═══ Source material

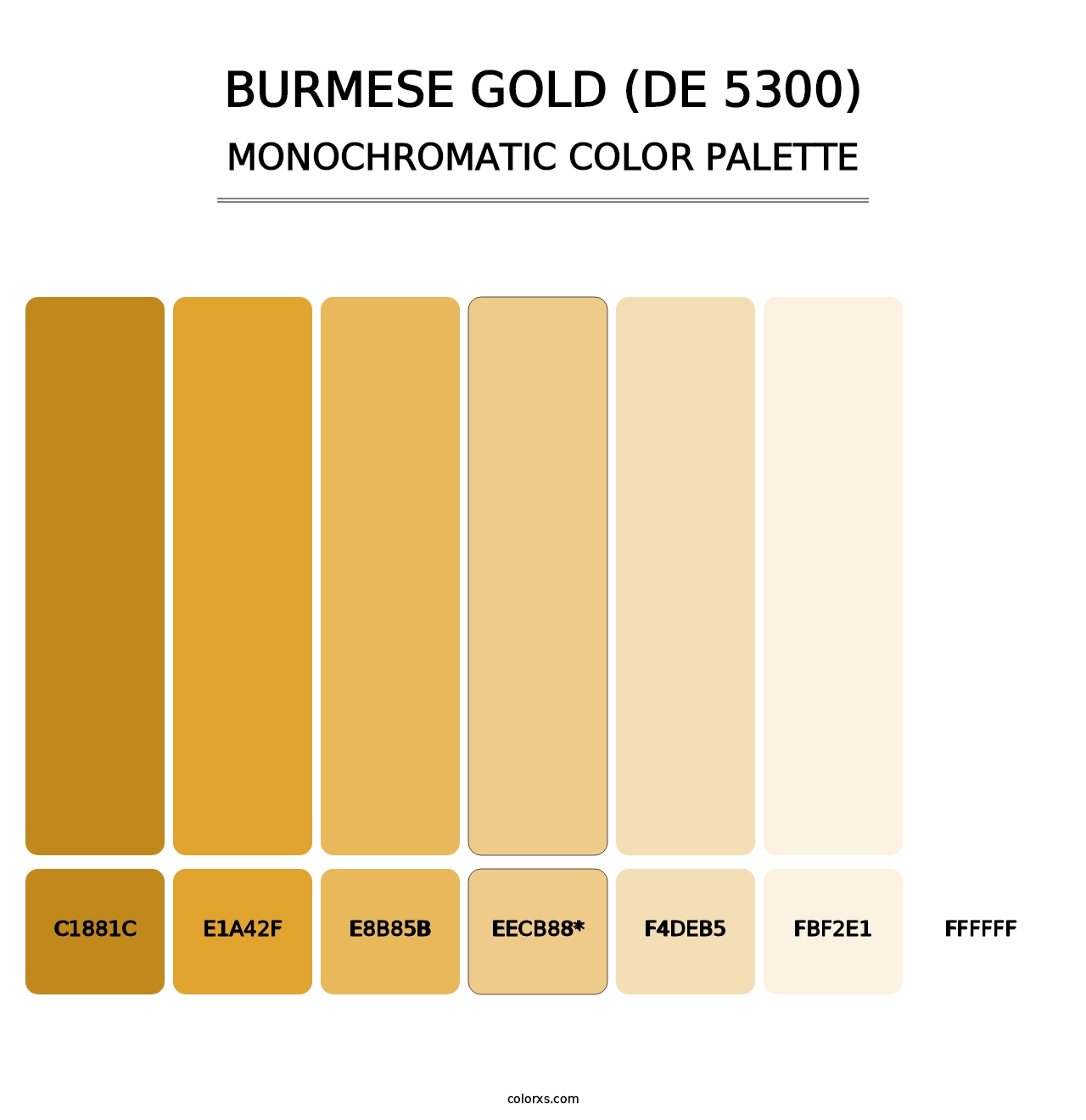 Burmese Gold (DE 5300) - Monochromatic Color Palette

══════
═══ Source material

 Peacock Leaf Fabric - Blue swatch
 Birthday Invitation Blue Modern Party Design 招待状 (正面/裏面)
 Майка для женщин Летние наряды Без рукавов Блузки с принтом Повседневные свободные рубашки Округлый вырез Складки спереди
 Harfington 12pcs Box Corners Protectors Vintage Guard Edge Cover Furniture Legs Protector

══════
═══ Source material

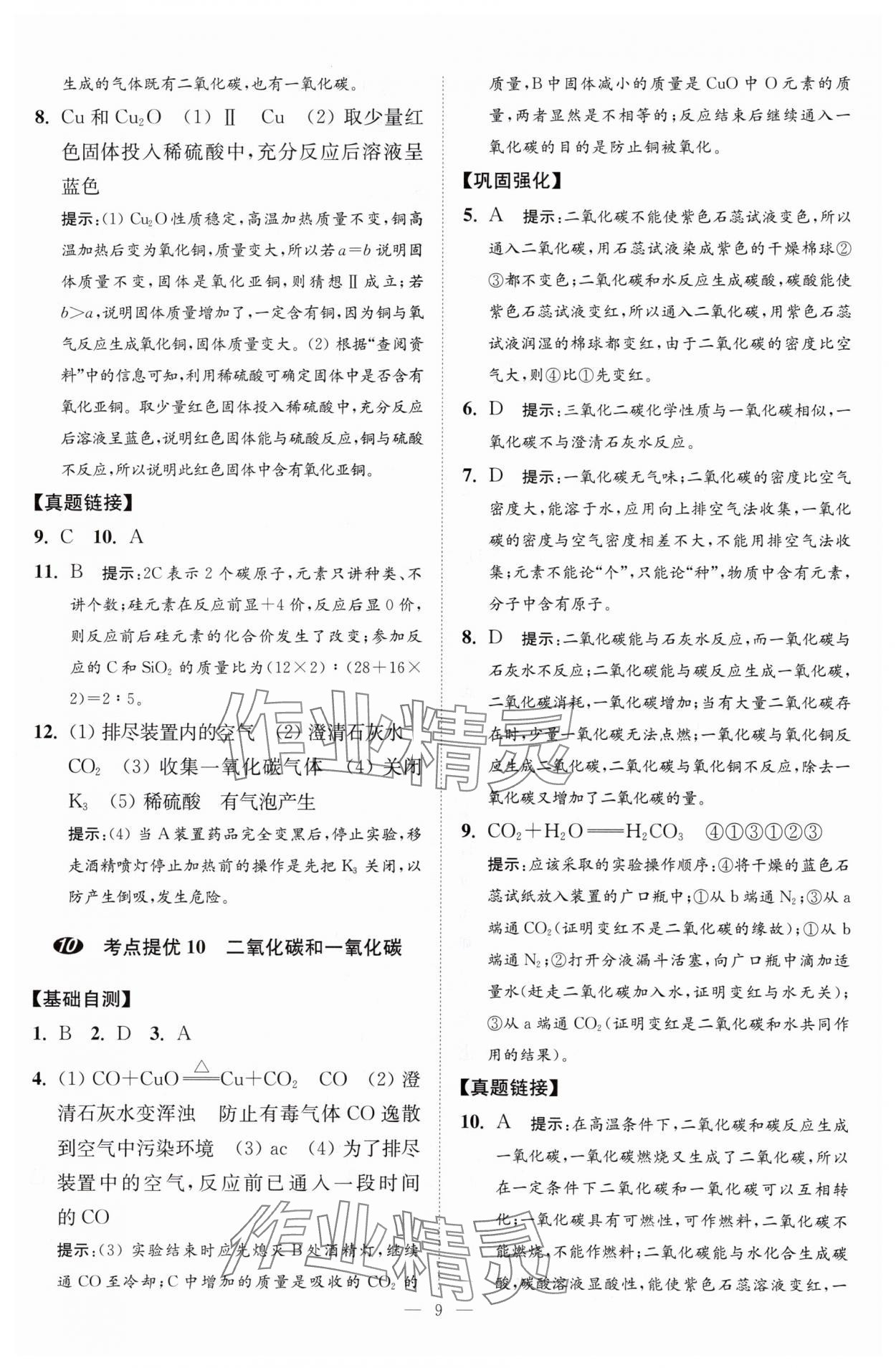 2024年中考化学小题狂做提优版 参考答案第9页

══════

Within the material above, the line with "Birthday Invitation Blue" opens the range and the line with "Harfington 12pcs Box" closes it; reproduce that range word for word.

Answer ▸
 Birthday Invitation Blue Modern Party Design 招待状 (正面/裏面)
 Майка для женщин Летние наряды Без рукавов Блузки с принтом Повседневные свободные рубашки Округлый вырез Складки спереди
 Harfington 12pcs Box Corners Protectors Vintage Guard Edge Cover Furniture Legs Protector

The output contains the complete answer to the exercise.